D.C. Council member Charles Allen repeatedly expressed disappointment Wednesday that federal prosecutors did not send a representative to his Judiciary Committee hearing on the lack of prosecution of hate crimes in the District.
“It’s not just offensive or insulting to the council or to me, it is insulting and offensive to the entire city, to every District resident,” said Mr. Allen, the committee’s chairman.
The Ward 6 Democrat also noted that the U.S. Attorney’s Office for the District of Columbia (USAO) did not respond to two letters from D.C. Delegate Eleanor Holmes Norton, the city’s nonvoting congressional representative, seeking more information about hate crimes in the District.
“What in the world do you think it tells our LGBTQ community, that the USAO won’t even show up for a conversation about hate crimes?” Mr. Allen said. “It is deeply offensive.”
U.S. Attorney Jessica Liu submitted a letter to the committee Wednesday in lieu of attending the hearing, noting the challenges her office faces in prosecuting hate crimes and ways in which it is addressing the issue.
“We regularly participate in open dialogue about combating bias-related crimes … But we will not testify in person at today’s hearing, as its title shows that the Committee has reached a conclusion — that the Office is failing to prosecute potential bias-related offenses — before a full and fair consideration of the facts,” Miss Liu said in a press release, noting the hearing’s title — “Hate Crimes in the District of Columbia and the Failure to Prosecute by the Office of the United States Attorney.”
“This unjustly maligns the Office’s dedicated career prosecutors, who carefully review every arrest identified as a potential bias-related crime and make principled charging decisions based solely on the law and the facts,” the U.S. attorney for the District wrote.
In a brief interview with The Washington Times after the hearing, Ms. Liu said her office has a number of full-time staff dedicated to working with victims and in the community and that she has met with the Anti-Defamation League and Advisory Neighborhood Commissioners on the topic.
She also said that successfully prosecuting hate crimes can be difficult.
“When we actually bring the bias enhancement, we have to believe we can prove it beyond reasonable doubt or we are ethically [compromised],” Ms. Liu told The Times, adding that she responded to Mrs. Norton’s letters on Wednesday.
Mr. Allen scheduled Wednesday’s hearing after The Washington Post detailed a recent increase in hate crimes in the District while the U.S. attorney’s office has prosecuted five cases with the hate crime enhancement of the 113 cases the Metropolitan Police Department made arrests for in 2017 and 2018 — a record low.

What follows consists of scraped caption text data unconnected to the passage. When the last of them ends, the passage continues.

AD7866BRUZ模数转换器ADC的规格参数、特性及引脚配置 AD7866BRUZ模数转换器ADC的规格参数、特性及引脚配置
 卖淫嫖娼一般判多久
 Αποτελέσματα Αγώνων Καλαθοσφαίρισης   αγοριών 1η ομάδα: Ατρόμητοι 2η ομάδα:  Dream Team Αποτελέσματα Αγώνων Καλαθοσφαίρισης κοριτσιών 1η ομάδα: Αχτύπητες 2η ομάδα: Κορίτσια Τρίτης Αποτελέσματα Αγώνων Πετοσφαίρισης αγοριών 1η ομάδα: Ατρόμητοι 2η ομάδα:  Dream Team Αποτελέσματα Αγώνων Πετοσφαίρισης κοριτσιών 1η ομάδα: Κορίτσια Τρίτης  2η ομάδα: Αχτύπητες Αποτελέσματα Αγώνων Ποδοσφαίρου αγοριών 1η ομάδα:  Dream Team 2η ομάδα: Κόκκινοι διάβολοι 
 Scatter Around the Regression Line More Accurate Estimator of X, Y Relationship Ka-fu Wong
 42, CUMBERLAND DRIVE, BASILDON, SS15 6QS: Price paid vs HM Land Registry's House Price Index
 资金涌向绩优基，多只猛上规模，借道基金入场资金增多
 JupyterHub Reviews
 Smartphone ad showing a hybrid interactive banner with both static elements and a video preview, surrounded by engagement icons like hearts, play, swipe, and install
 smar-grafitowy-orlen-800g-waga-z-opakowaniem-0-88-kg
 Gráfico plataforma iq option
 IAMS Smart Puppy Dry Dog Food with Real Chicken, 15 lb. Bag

In the District, local crimes are prosecuted by the U.S. attorney, who is appointed by the president, which Mr. Allen said makes it difficult to hold the office accountable.
Deputy Mayor for Public Safety Kevin Donahue said the city is seeing a 14% increase in hate crimes from this time last year, and there was a 16% increase in hate crimes in 2018.
In her written testimony, Ms. Liu said that the jury instructions do not make clear whether the motivation for the crime has to be solely bias-related or only partially in order to receive the hate crime enhancement, which allows a court to fine or sentence a hate crime felon up to 1½ times the amount of the underlying crime.
Mike Silverstein, an Advisory Neighborhood Commissioner for ANC 2B06, said jury instructions need to be updated, adding that they “do not even include the phrase ’gender identity’ but they do include outdated language such as ’handicap’ instead of ’disability.’ Clean it up, make it clear.”
Mr. Allen said that although the council does not write the jury instructions, it can change the language in the statute that defines hate crimes, which would inform the jury instructions.
“One would think, if she feels that the statute needs to change, she’d actually go talk to the people who write the statute,” Mr. Allen said of Ms. Liu.